I believe that the angle $\theta$ in the expression $\bar{r}=3R/2\int^{1}_{0}\int^{\pi}_{0}\sqrt{1-k^{2}sin^{2}\theta}*k^{2}sin\theta*dk*d\theta$ is the blue angle $\theta$ as shown in the attached figure (rather than the green angle $\small \theta$ shown).

Your expression $d=\sqrt{R^{2}+a^{2}-2Racos\theta}$ is in terms of $\theta$.

What expression do you get for $d$ in terms of $\theta$, $R$, and $k$?

File size:
2.4 KB
Views:
187
3. Aug 7, 2013

### Opus_723

Wow! Thanks, I never would have thought of that. And it makes me feel a little better knowing I wasn't completely off.

I didn't see any real clean way to find the distance using that angle, but I managed to make do with a right triangle and the quadratic formula. If you know of a nicer way to see it, I'd be interested.

But what I found using your angle is that the distance d is equal to:

$-a*cos\theta+\sqrt{R^{2}-a^{2}sin^{2}\theta}$

And it looks like when you integrate that over theta from 0 to $\pi$ like in my original integral, the term outside the square root disappears (since adding the volume element gives us sinθcosθ), and leaves you with the expression found in my book.

Does that sound right?
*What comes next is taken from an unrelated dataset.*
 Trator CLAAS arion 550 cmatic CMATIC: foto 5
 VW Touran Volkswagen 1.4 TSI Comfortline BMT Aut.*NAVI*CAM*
Out of curiosity, how did you know to look at that angle? Is that common?

Last edited: Aug 7, 2013
4. Aug 7, 2013

### TSny

Yes, that looks right. Initially I used the law of cosines in the form $R^2 = a^2 + d^2 + 2ad cos\theta$ and then solved for d using the quadratic formula. Geometrically, you can use the attached figure where you can see that $d + a cos \theta = \sqrt{R^2-a^2 sin^2 \theta}$. Maybe this is similar to what you did.

Yes, that sounds right.

The reason for using the angle θ as defined here is because the neutron has the same probability of moving away from its initial point in any direction. So, the probability that the neutron travels away between $\theta$ and $\theta + d\theta$ and azimuthal angle $\phi$ and $\phi + d\phi$ is $(1/4\pi) sin \theta \: d\theta \: d\phi$. Integrating this over all azimuthal angles $0 < \phi < 2 \pi$ gives $(1/2)sin\theta \: d\theta$ for the probability of heading out between $\theta$ and $\theta + d\theta$ for all azimuthal angles $\phi$. This is how the $(1/2)sin\theta \:d\theta$ ends up appearing in the integral.

If you measure the angle $\Theta$ from the center of the sphere, then the expression for the probability that the neutron (at distance $a$ from the center) heads out between $\Theta$ and $\Theta + d\Theta$ is a much more complicated function of $\Theta$.

#### Attached Files:

• ###### thetas2.png
File size:
2.8 KB
Views:
129
5. May 22, 2015

### heritage972

Actually had something to say but Latex here is beyond me. I write articles with LaTex in TeXworks but am at a complete loss here. Sorry. I tried to post something but can't delete it.

6. May 22, 2015

### haruspex

I think the integration is easier if you turn the problem on its head. All exit points are equally likely, so instead you can ask the average distance from a fixed point P on the surface to points in the interior.
If the sphere is radius R, consider the points distance r from P. These form a spherical cap. The cap subtends an angle $2\alpha$ at P, $r=2R\cos(\alpha)$. The area of the cap is $2\pi r^2(1-\cos(\alpha))$. Substituting to eliminate $\cos(\alpha)$ we get an easy integral in r.